When I started as a backend developer, I thought I just needed to make things ‘work.’ Turns out, that mindset cost me a lot of time, bugs, and headaches. These are a few mistakes I made early on—and what I wish I had done differently.

Mistake 1: Overengineering Too Early

My first instinct was to build for the future. I'd read about microservices, message queues, and complex caching strategies, and I wanted to use them all. I was trying to make my simple CRUD application "scalable" before it even had a single user, adding layers of abstraction when a simple function would have done the job.

The Consequence

A project that should have taken a week took over a month. The complexity was overwhelming. Debugging a simple request meant tracing it through multiple services and network calls. Instead of delivering a working product, I had built an intricate, fragile skeleton that didn't actually do much. The cognitive overhead was immense, and my velocity slowed to a crawl.

The Better Way: Embrace YAGNI

The solution is the "You Ain't Gonna Need It" (YAGNI) principle. Start with the simplest possible architecture that solves the immediate problem. A monolith is perfectly fine for 99% of new projects. You can always refactor and scale *when* you have the data and traffic to justify it. The goal is to deliver value quickly, learn from user feedback, and iterate. Premature optimization is, as they say, the root of all evil.

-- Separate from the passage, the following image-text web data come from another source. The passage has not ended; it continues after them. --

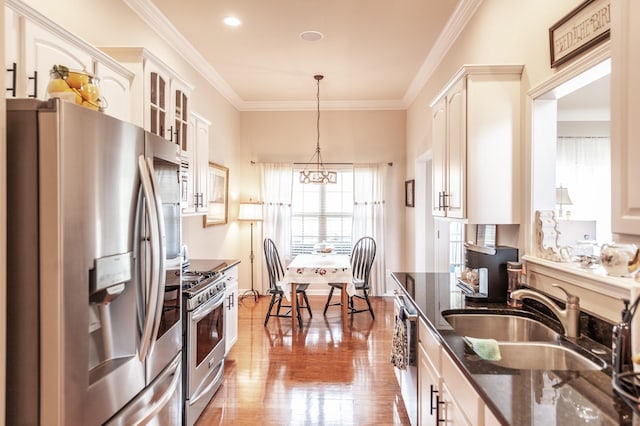 kitchen featuring a sink, dark stone countertops, appliances with stainless steel finishes, crown molding, and glass insert cabinets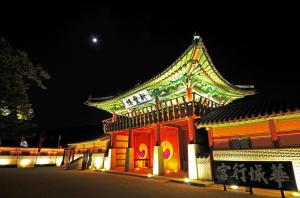 un bâtiment avec un toit éclairé la nuit dans l'établissement Hwaseong Guesthouse, à Suwon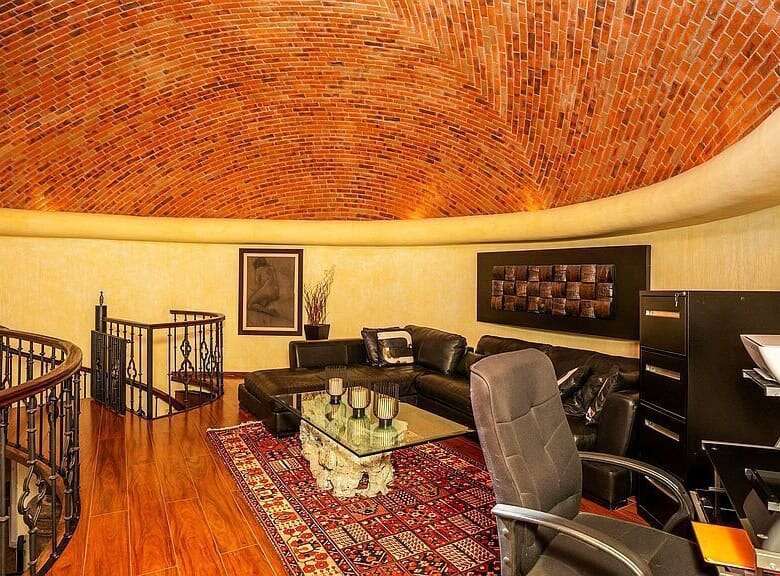 Spacious living room featuring a curved brick ceiling, comfortable sofa, and modern decor.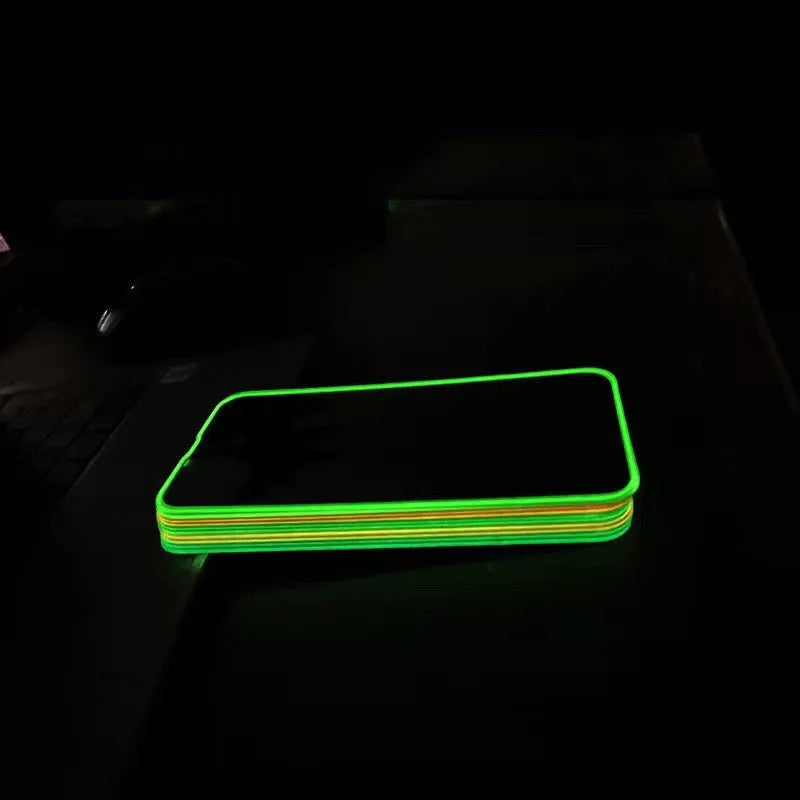 Fluorescent glowing tempered glass screen protector for iPhone on a dark background.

Tip: Start simple. Solve today's problem today. Solve tomorrow's problem tomorrow.

Mistake 2: Not Writing Tests

I saw testing as a chore that slowed me down. My go-to excuse was, "I'll come back to it later," but "later" never came. I would manually test my endpoints in Postman, get a 200 OK, and confidently merge my code. This worked, until it didn't.

The Consequence

A small, seemingly unrelated change would silently break a critical feature. Without an automated test suite, I lived in constant fear of regressions. Every new deployment was a high-stress event. I spent more time manually re-testing old features than building new ones. My confidence in my own code was practically zero.

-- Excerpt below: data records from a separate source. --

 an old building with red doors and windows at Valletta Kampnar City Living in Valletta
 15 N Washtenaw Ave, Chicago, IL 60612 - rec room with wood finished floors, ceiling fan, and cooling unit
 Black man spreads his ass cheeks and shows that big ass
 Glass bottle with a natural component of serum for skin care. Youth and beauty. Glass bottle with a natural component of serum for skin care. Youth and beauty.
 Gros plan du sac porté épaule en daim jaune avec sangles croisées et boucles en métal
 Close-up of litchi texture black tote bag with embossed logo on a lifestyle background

The Better Way: Build a Safety Net

Tests are not about slowing you down; they are about enabling you to move faster and more confidently in the long run. Start with simple unit tests for your most critical business logic. A test proves your code does what you think it does, and it acts as a safety net against future changes.

Tip: Start with one simple unit test for a pure function. The confidence boost you get from seeing it pass—and fail when you break something—is the best motivation to write more. Testing helps you trust your own code.

Mistake 3: Not Understanding How the Database Really Works

I fell in love with my ORM (Object-Relational Mapper). It felt like magic—I could interact with my database using simple objects and methods, without writing a single line of SQL. I used the ORM blindly and never bothered to inspect the queries it was generating under the hood.

The Consequence

This led to a classic and devastating performance issue: the N+1 query problem. On a page that displayed a list of 50 articles and their authors, my code was executing 51 database queries: one to fetch the 50 articles, and then 50 more individual queries to fetch the author for each article. The page load time was abysmal, and for a while, I had no idea why.

The Better Way: Look Under the Hood

An ORM is a tool, not a replacement for understanding your database. Learn to read the SQL logs your framework or ORM generates. Most ORMs provide methods for "eager loading" related data to solve the N+1 problem (e.g., .includes(:author) in Rails or .select_related('author') in Django). Furthermore, learn to use your database's query analysis tools, like EXPLAIN ANALYZE in PostgreSQL, to identify slow queries and understand whether your indexes are being used effectively.

Tip: Treat your ORM as a powerful assistant, but remember that you are still the one in charge. Always be curious about the SQL it writes on your behalf.

Mistake 4: Poor Error Handling

My early error handling was lazy and unhelpful. I'd wrap large blocks of code in a generic try...catch and, in the catch block, either log a useless message like "An error occurred" or, even worse, silence the error completely to prevent the application from crashing.

The Consequence

When a user reported a bug in production, the logs were a dead end. "An error occurred" told me nothing about what happened, where it happened, which user was affected, or what data caused the failure. I was flying blind, trying to reproduce bugs based on vague descriptions, which was often impossible and always frustrating.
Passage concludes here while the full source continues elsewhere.